TASK TO CARRY OUT ::
Transcribe the listing below in full, exactly, with no images.

DATA RECORDS ::
━━━━━━━━━━

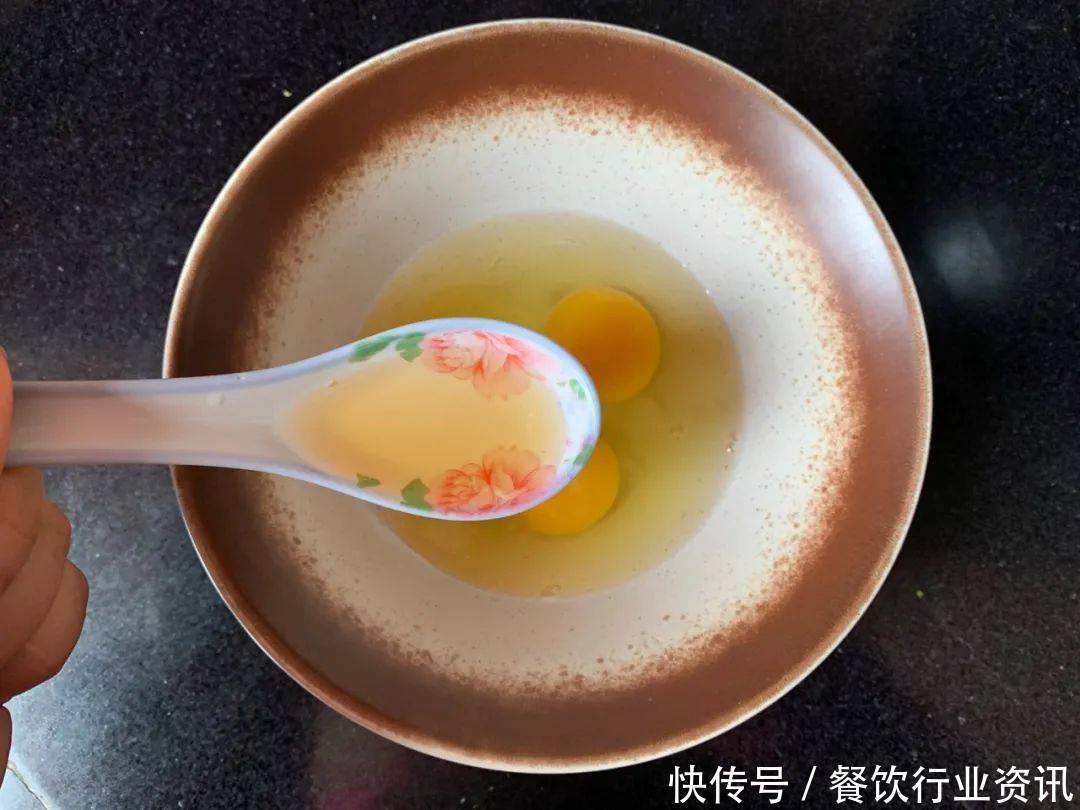 懒人最爱的开工早餐,不用和面不用擀,10分钟搞定零失败!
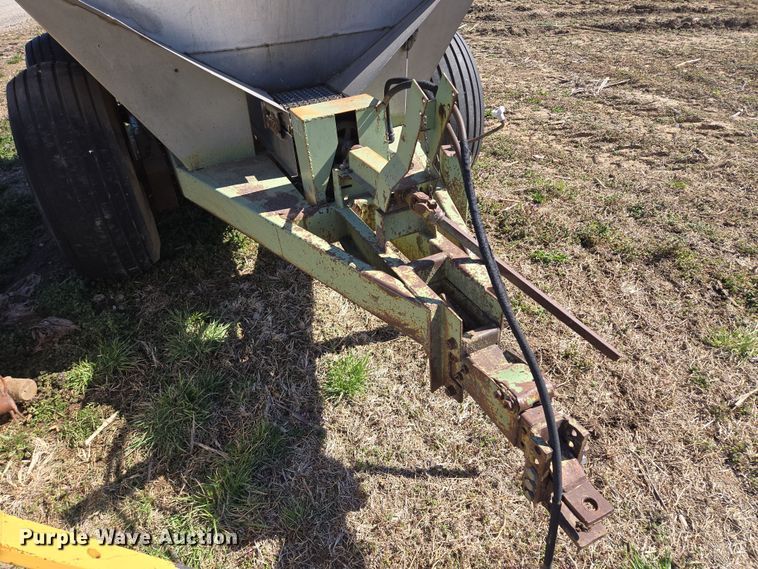 image for item EQ6922 Tyler Moonwalk spreader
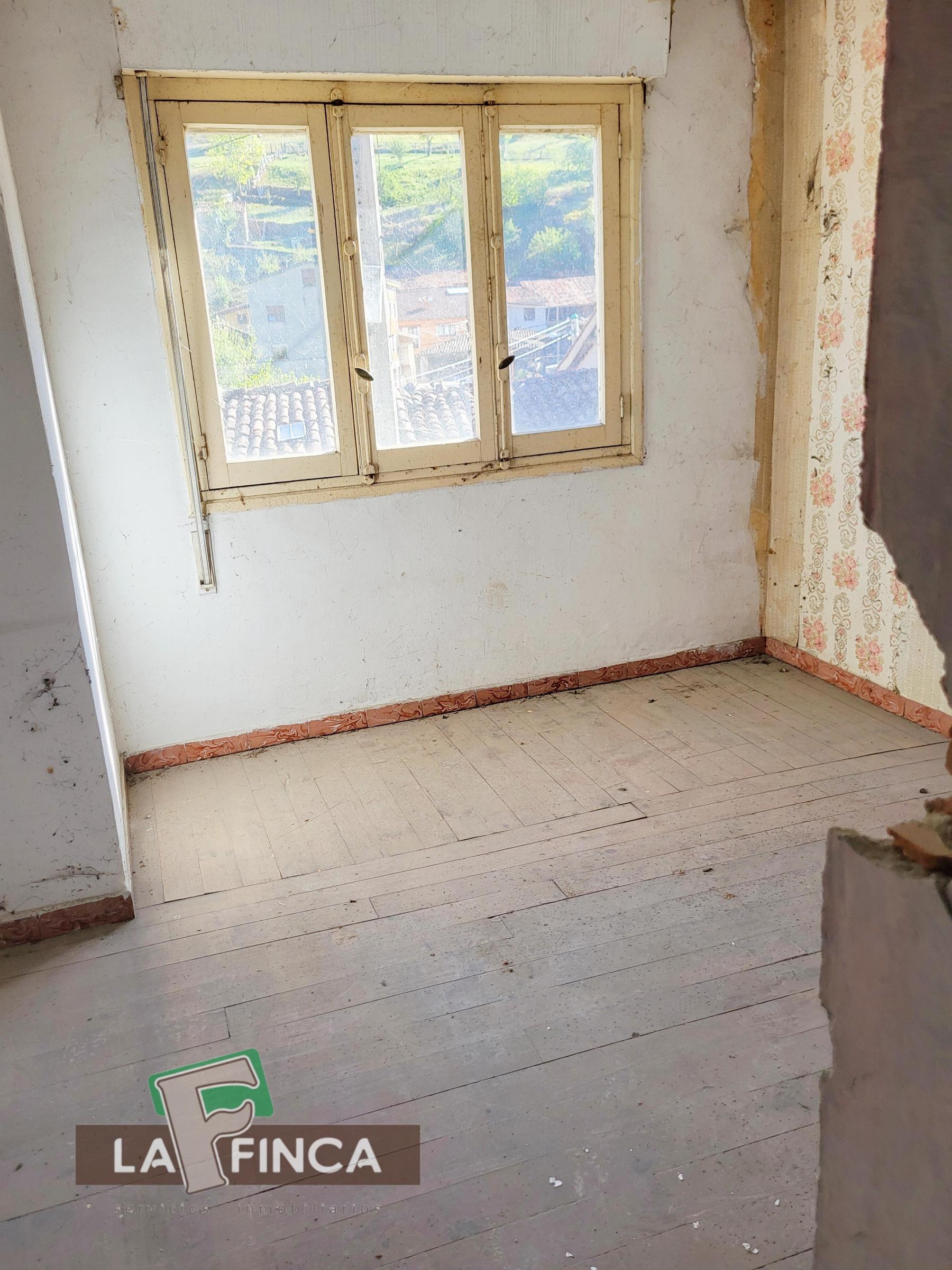 Venta de casa en Laviana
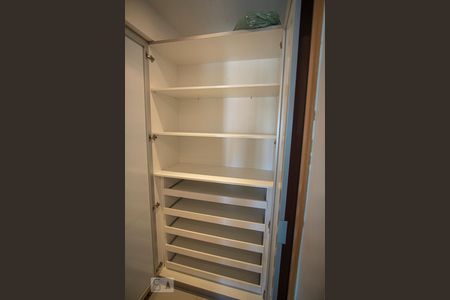 Apartamento para alugar com 48m², 1 quarto e 1 vaga Apartamento para alugar com 48m², 1 quarto e 1 vagaArmário do Quarto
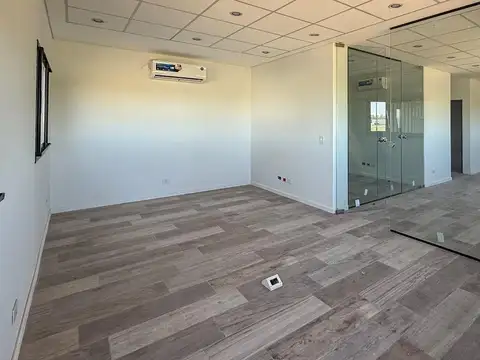 Alquiler de Nave Industrial de 3.650 m2 en predio cerrado.  A estrenar! Escobar.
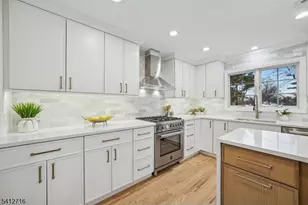 6 Colony Dr, North Caldwell, NJ 07006 - Photo 10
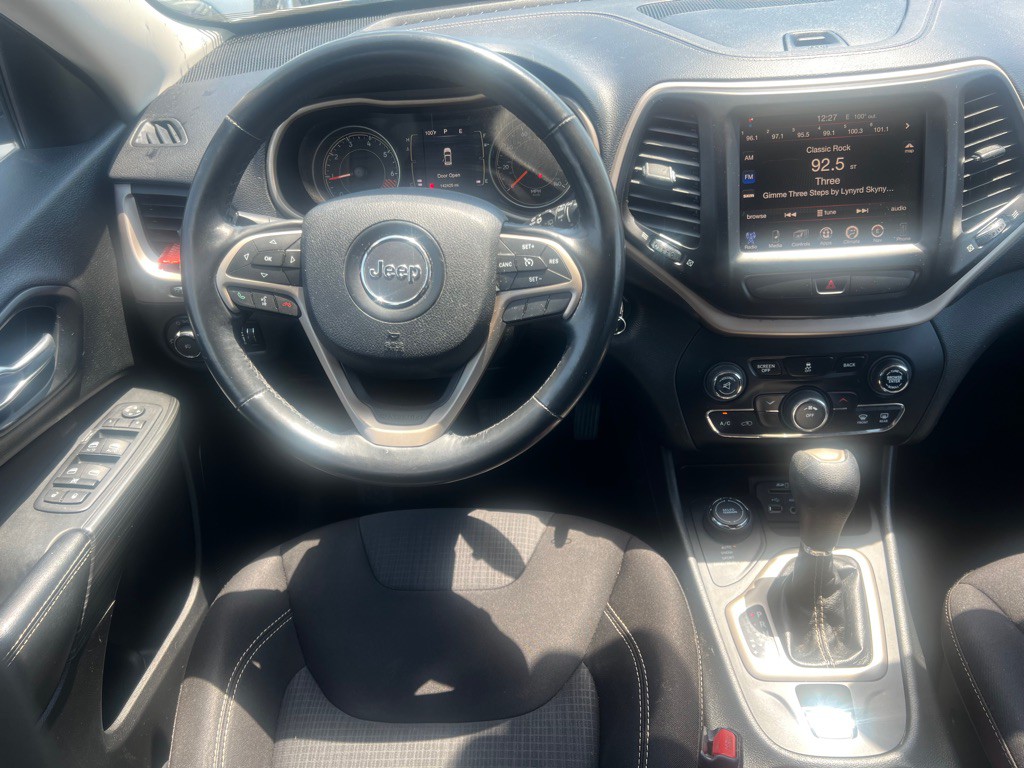 2015 Jeep Cherokee Image 10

━━━━━━━━━━

SOLUTION TO THIS TASK ::
 懒人最爱的开工早餐,不用和面不用擀,10分钟搞定零失败!
 image for item EQ6922 Tyler Moonwalk spreader
 Venta de casa en Laviana
 Apartamento para alugar com 48m², 1 quarto e 1 vaga Apartamento para alugar com 48m², 1 quarto e 1 vagaArmário do Quarto
 Alquiler de Nave Industrial de 3.650 m2 en predio cerrado.  A estrenar! Escobar.
 6 Colony Dr, North Caldwell, NJ 07006 - Photo 10
 2015 Jeep Cherokee Image 10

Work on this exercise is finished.